Foreign visitors seem divided on how to take these iconoclastic museums. Seely, for his part, left brimming with enthusiasm, and declared that “society would be measurably benefited if all ministers of the gospel, and all divinity students” could visit such a museum. Others were less delighted. Many of their accounts, Paine observes, seem to conclude that they museums were “naïve and embarrassing.” The apparently sad displays appeared even more mediocre set against their opulent holy surroundings.
But they were tremendously popular with Soviet visitors—though whether this was genuine interest in the future of atheism or simply a welcome break from the production line is unclear. Between 1956 and 1963, hundreds of thousands of people visited the former Kazan Cathedral—soaring from 257,000 visitors, in 1956, to 700,000 in 1963. Other museums around the country boasted similarly impressive attendance numbers. Often, people came on structured group tours, in which workers from factories or offices would come all at once for a guided visit: Some museums might have as many as 17 group tours in a day. By the late 1980s, the New York Times reported, the Sunday afternoon wait to enter the Kazan museum might be as much as two hours.
But despite it all, militant atheistic fervor failed to take hold. In some parts of the country, religious practices continued, gently humming away in the background. Though places of worship had theoretically been confiscated and closed, groups were still able to rent them from the government for religious services, paying a larger fee for a more extravagant setting. Other people simply lapsed into a kind of religious apathy. Scientific atheism was taught in schools, alongside history and geography, but in a 1975 survey, many people still professed to find atheistic dogma boring.

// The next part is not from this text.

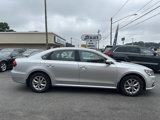 Used 2017 Volkswagen Passat 1.8T S image 4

By 1987, the Times reported, “Soviet officials have begun to admit that they may be losing the battle against religion.” For decades, Bibles had been forbidden, and religious education virtually non-existent—but militant atheism does not appear to have been a sufficiently captivating force to take its place. From the late 1970s, the paper reported, with the 1917 revolution a distant memory, a burgeoning “religious revival … [had] grown up to fill the ideological void.” A poll of young people showed “a growing fascination, especially among the well-educated, with religious literature and services.”

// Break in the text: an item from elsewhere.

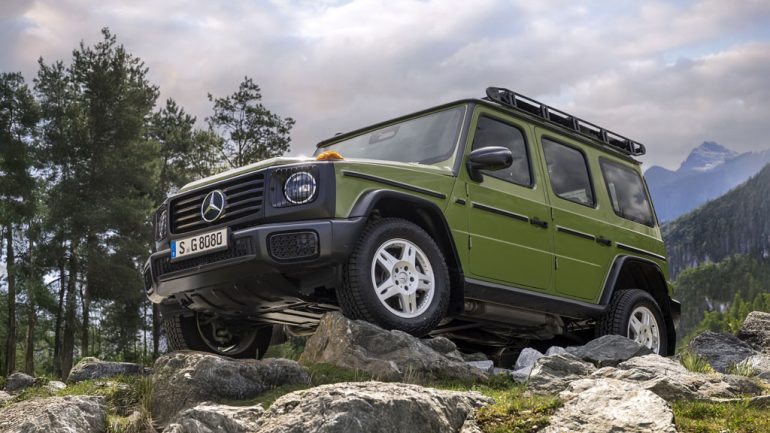 Mercedes G-Class Channels the ’80s with Retro Edition and Plaid Seats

When the Soviet Union collapsed in the early 1990s, most of its anti-religious museums went with it. A few still exist, rebranded as Museums of Religion, but they have either been moved to new settings or relegated to a single wing of the religious institutions they once inhabited. Almost every closed church and temple in the Soviet Union has since been returned to its original purpose.
The museums didn’t just attempt to bring down religion, Polianski writes, but to portray atheism as a source of joy—“not only a negation of religion, but a positive creative force bringing happiness.” In the end, however, people failed to believe in the power of the cult of disbelief.